LG Display has started mass-production at its second OLED panel production plant, the company announced Thursday. The new plant, located in Guangzhou, China, has the capacity to initially produce 60,000 OLED sheets a month, which combined with LG’s existing plant in Paju, South Korea means that LG Display’s total OLED production capacity has almost doubled to 130,000 sheets monthly.
According to LG, the panels produced at its new plant will be used to create displays ranging in size from 48 to 77-inches. They’re for TVs, in other words. LG Display is a major supplier of OLED panels for TVs across the industry. 19 brands, including LG, Vizio, Sony, Panasonic, Hisense, Bang & Olufsen, and Toshiba, use LG Display OLED panels in their TVs according to FlatPanelsHD.

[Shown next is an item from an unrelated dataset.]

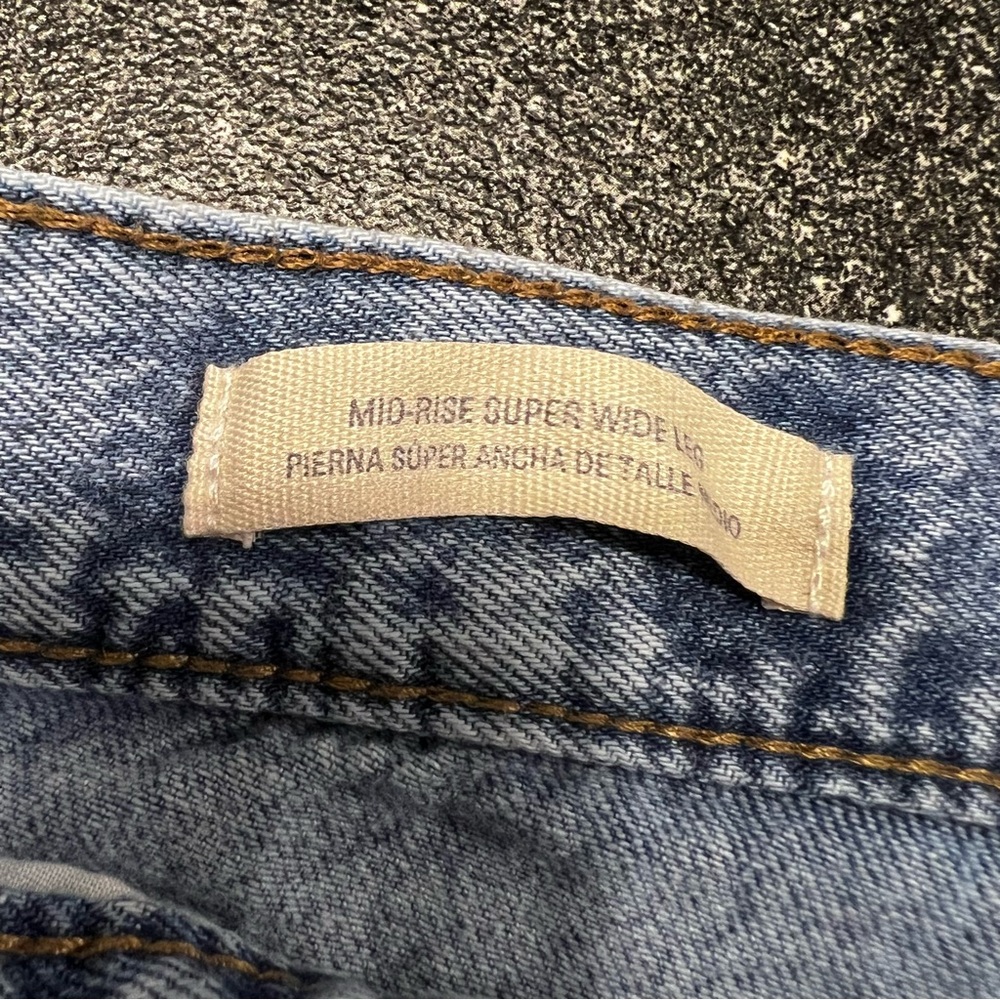 NWT Universal Thread Women's Mid Rise Light Wash Super Wide-Leg Jeans 14 - Picture 6 of 10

The opening of LG Display’s new plant comes as it and competitor Samsung Display are shifting their attention away from LCD panels, which the majority of TVs currently use. LG Display announced earlier this year that it is ending production of LCD TV panels in South Korea, Reuters reports, while Samsung Display said it was ending LCD display production in South Korea and China.
LG Display’s CEO, James Hoyoung Jeong, said he hoped the new plant will “enable more rapid adoption of OLED displays in the market.” He called large OLED displays an “essential growth engine” for LG Display. LG Display says that production capacity could increased to 90,000 sheets a month in the future at the new factory.
By 2021, LG Display has said it wants OLED panels to make up 50 percent of its revenue, up from around 30 percent in 2018, according to Reuters. Samsung Display, meanwhile, is pinning its hopes on quantum dot, with ZDNet reporting that its future QD displays will incorporate an OLED panel rather than the LCD layer used by its existing displays.